Boston’da, Ivy League (Sarmaşık Birliği okulları) edebiyat profesörü bir baba ile eşinin çocuğu olarak dünyaya geldim; bir yaşında Episcopal Kilisesi’nde vaftiz edildim; beş yaşına geldiğimde, Manhattan’ın yukarı doğu yakasında, mezunları arasında efsanevi Jacqueline Onassis gibi mükemmel yetiştirilmiş, iyi giyimli Amerikan aristokrasisi mensuplarının olmasıyla övünen özel bir kız okuluna gönderildim. İşte o noktada anladım ki –benimle ilgili- ciddi anlamda yanlış giden bir şeyler var.

Yeşil gofre tuniğim, ona uygun lastikli pantolonum (jimnastik ve dans dersleri için alta giyilenlerden), beyaz Peter Pan yakalı bluzum ve dize kadar yün çoraplarımla tam bir Chapin’li okul kızıydım. Üzerinde süslü okul arması olan yeni yeşil blazer ceketim ve Fransa’dan alınma zarif ayakkabılarımla gurur duyuyordum. Ama en incelikli üniforma bile farklılıklarımı derhal görmeme engel değildi. Mükemmel sarışınlar deryasında kara saçlı bir sıçandım. Sınıfımda benden başka herkes yukarı doğu yakasında yaşıyora benziyordu;  ben yukarı batı yakasında, daha doğrusu o zamanlar çoğuna kabul edilmez görünen yukarı batı yakası sınırlarının çok uzağında yaşıyordum.
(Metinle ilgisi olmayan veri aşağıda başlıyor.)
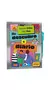 ME DESCUBRO A DIARIO- MARITCHU SEITUN, SOFIA CHAS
Sınıf arkadaşlarımınki gibi cibinlikli bir yatağım, düzenli bir yatak odam ve güzel döşenmiş bir oturma odamız  ya da televizyonda gördüğüm tarzda  bir evimiz olmadı. Raflara ve masalara üst üste yığılmış kitaplar, pipolar, kalemler, oryantal kilimler, renkli duvarlar ve eve gelen ilginç konuklarımız vardı. Eve gelip gidenler arasında sadece Batı dünyasının kimi büyük bilim adamı ve yazarları – Noam Chomsky, Lillian Hellman, Norman Mailer, Jacques Derrida, Susan Sontag, Joan Didion- değil, aynı zamanda Filistin Direnişinin kaymak tabakası da vardı.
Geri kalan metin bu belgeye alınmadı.